■ **PROBLEM TO SOLVE**:
Your copy should begin with the line containing "Artikel-Vorschau von Rotes", end with the line containing "5-Pack 5mm White", match the listing below exactly, and contain no pictures.

■ **DATA FOR THIS EXERCISE**:
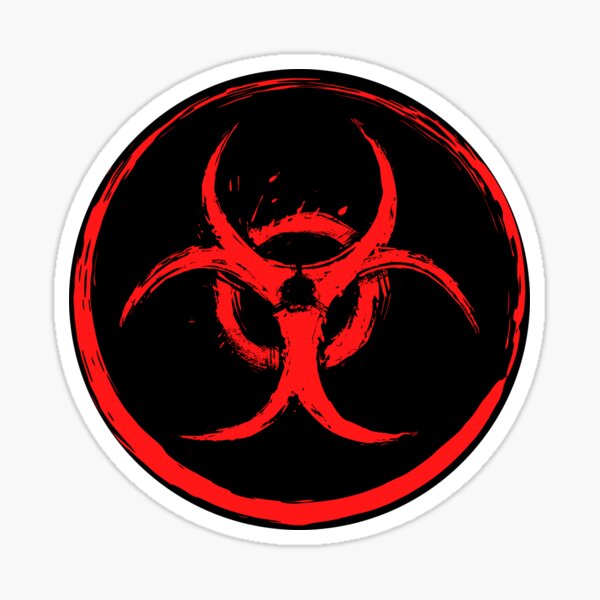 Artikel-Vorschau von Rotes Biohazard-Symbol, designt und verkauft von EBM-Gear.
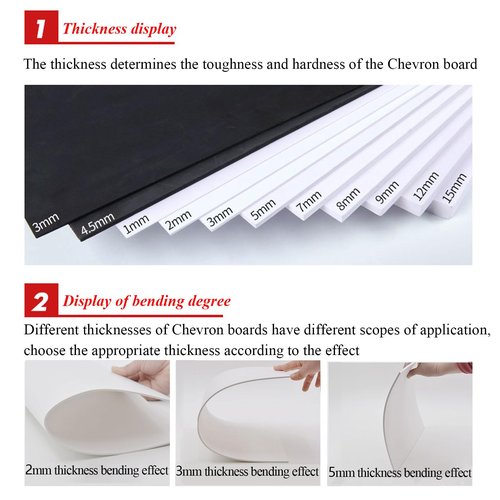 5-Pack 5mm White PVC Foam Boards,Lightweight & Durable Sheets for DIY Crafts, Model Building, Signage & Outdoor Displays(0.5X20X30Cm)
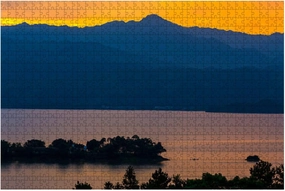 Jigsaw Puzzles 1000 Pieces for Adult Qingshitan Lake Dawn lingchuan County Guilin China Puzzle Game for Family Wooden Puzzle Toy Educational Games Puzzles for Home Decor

---

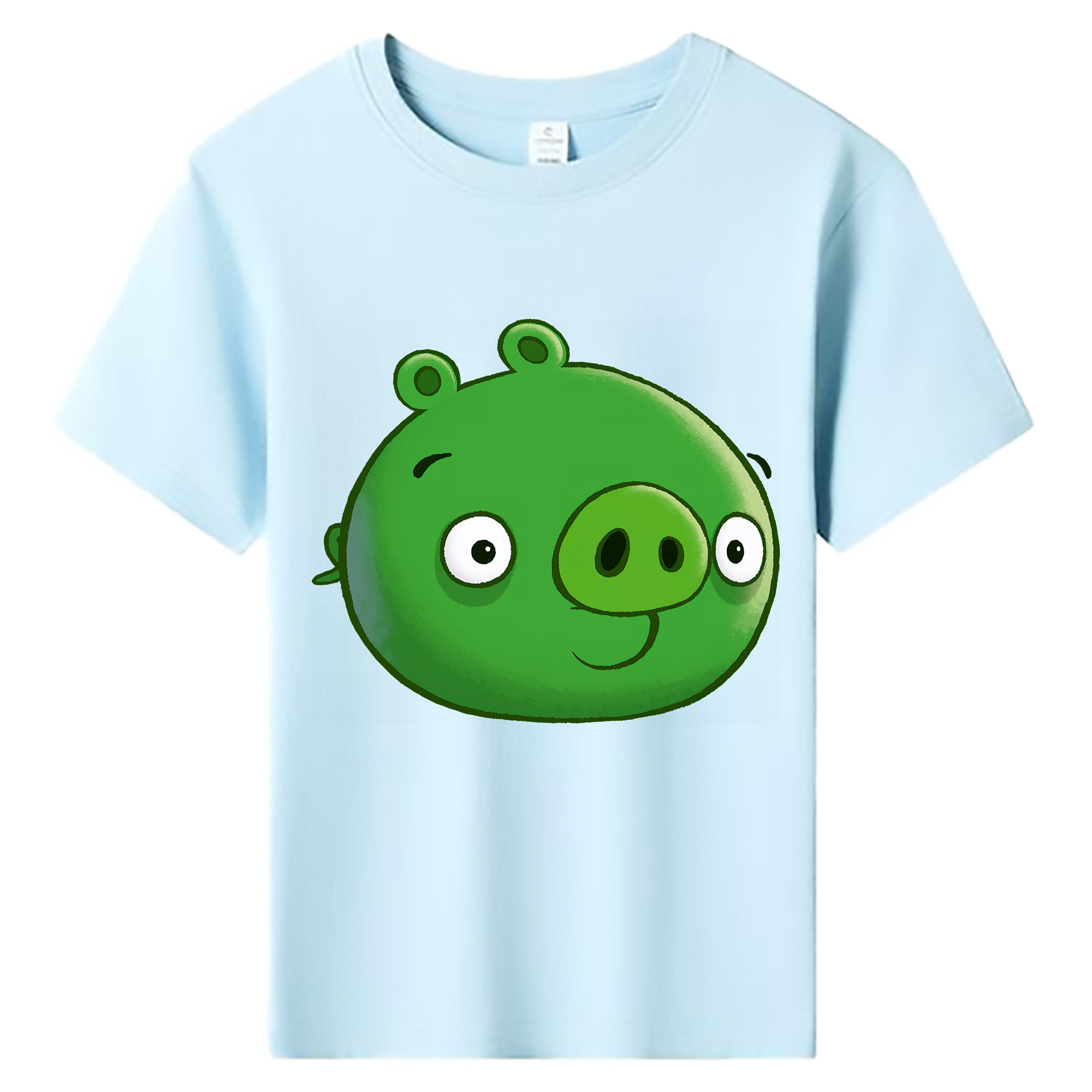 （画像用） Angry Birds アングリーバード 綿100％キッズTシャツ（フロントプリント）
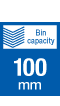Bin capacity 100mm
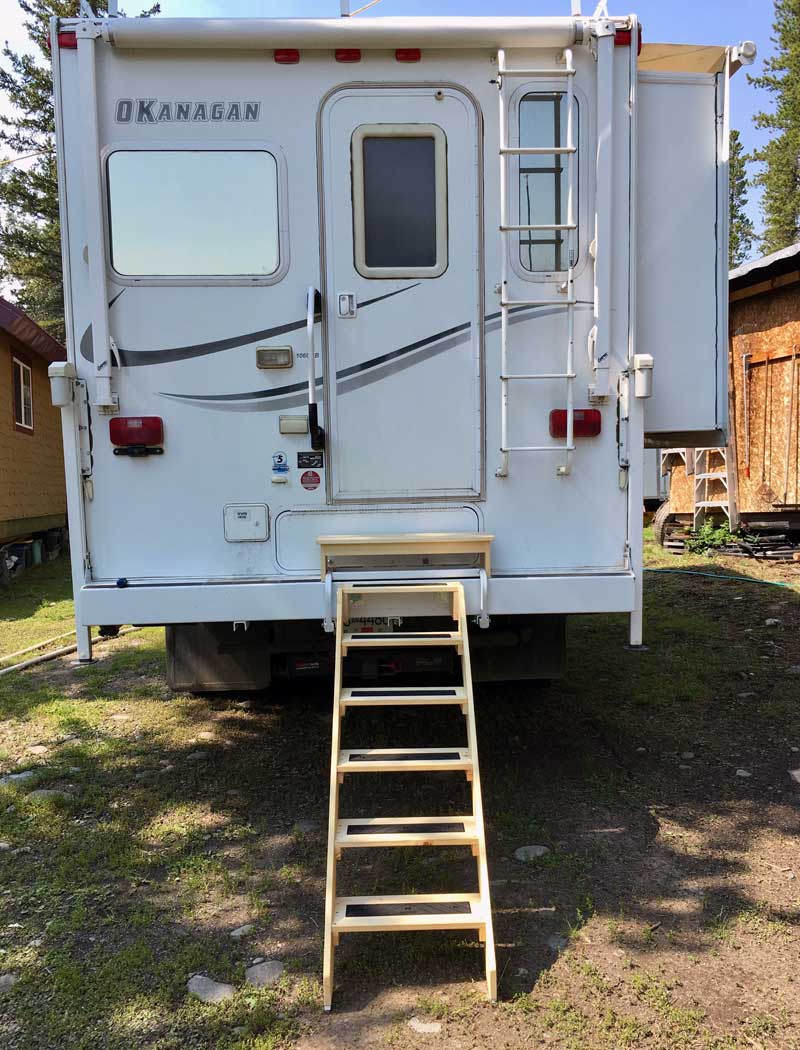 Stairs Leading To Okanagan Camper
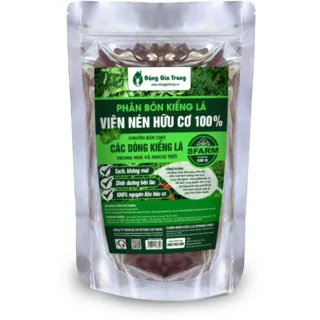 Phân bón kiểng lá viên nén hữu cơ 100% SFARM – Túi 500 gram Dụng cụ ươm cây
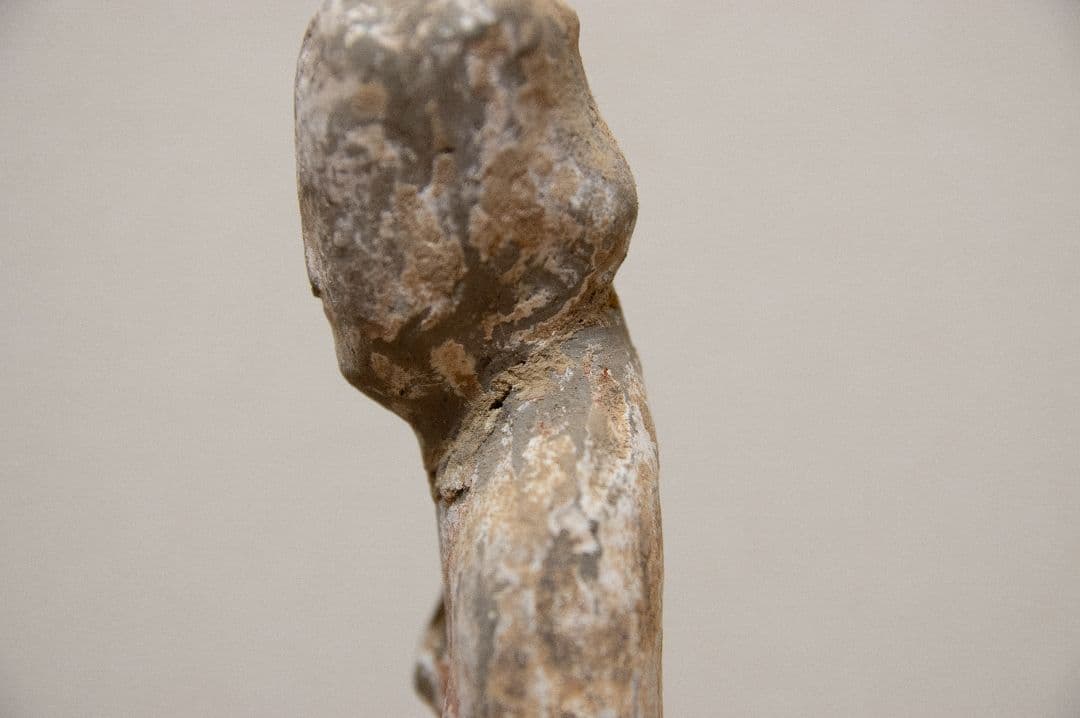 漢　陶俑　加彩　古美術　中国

■ **SOLUTION FOR THIS EXERCISE**:
 Artikel-Vorschau von Rotes Biohazard-Symbol, designt und verkauft von EBM-Gear.
 5-Pack 5mm White PVC Foam Boards,Lightweight & Durable Sheets for DIY Crafts, Model Building, Signage & Outdoor Displays(0.5X20X30Cm)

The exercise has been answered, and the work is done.